■ **What you are asked to do**
Write out again only the lines that run from the start of the entries to the line containing "Super Neon: Una", both included.

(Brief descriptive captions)
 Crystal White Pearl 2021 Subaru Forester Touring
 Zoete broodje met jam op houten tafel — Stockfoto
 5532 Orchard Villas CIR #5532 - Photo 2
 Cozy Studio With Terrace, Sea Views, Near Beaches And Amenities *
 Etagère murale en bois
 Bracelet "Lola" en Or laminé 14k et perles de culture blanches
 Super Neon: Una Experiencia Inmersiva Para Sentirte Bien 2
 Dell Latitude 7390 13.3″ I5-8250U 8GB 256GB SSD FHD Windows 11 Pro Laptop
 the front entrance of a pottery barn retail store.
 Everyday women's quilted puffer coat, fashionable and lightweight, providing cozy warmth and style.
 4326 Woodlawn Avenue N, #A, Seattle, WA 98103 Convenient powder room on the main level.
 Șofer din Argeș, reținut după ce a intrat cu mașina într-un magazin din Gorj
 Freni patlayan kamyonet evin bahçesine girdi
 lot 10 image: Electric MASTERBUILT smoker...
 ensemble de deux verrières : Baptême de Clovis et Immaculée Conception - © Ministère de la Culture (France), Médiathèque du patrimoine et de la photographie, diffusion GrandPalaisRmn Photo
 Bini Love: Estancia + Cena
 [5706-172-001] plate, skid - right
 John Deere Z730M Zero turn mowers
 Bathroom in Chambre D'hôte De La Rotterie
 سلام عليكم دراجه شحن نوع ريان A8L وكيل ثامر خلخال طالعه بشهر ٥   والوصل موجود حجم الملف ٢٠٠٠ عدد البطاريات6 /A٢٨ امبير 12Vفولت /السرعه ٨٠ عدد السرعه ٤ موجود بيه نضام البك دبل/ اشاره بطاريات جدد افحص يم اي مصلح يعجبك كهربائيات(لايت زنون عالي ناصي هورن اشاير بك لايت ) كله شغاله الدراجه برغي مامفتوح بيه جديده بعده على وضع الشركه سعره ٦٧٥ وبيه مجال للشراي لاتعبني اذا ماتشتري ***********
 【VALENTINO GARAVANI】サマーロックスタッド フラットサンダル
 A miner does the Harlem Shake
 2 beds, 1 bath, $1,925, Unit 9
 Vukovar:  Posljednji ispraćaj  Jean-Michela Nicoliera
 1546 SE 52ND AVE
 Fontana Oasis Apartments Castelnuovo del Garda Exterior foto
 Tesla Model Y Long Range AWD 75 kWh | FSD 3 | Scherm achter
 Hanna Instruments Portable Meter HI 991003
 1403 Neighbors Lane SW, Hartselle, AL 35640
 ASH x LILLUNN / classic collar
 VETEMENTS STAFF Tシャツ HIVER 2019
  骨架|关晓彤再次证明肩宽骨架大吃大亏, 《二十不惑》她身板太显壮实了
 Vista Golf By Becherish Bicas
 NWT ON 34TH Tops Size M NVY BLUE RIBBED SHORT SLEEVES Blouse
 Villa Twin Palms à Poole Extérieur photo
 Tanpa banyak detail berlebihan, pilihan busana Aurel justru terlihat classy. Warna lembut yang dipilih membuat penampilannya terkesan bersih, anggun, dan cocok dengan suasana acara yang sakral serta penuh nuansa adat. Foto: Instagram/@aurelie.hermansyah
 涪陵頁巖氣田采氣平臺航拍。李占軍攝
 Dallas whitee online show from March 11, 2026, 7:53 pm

■ **Task solution**
 Crystal White Pearl 2021 Subaru Forester Touring
 Zoete broodje met jam op houten tafel — Stockfoto
 5532 Orchard Villas CIR #5532 - Photo 2
 Cozy Studio With Terrace, Sea Views, Near Beaches And Amenities *
 Etagère murale en bois
 Bracelet "Lola" en Or laminé 14k et perles de culture blanches
 Super Neon: Una Experiencia Inmersiva Para Sentirte Bien 2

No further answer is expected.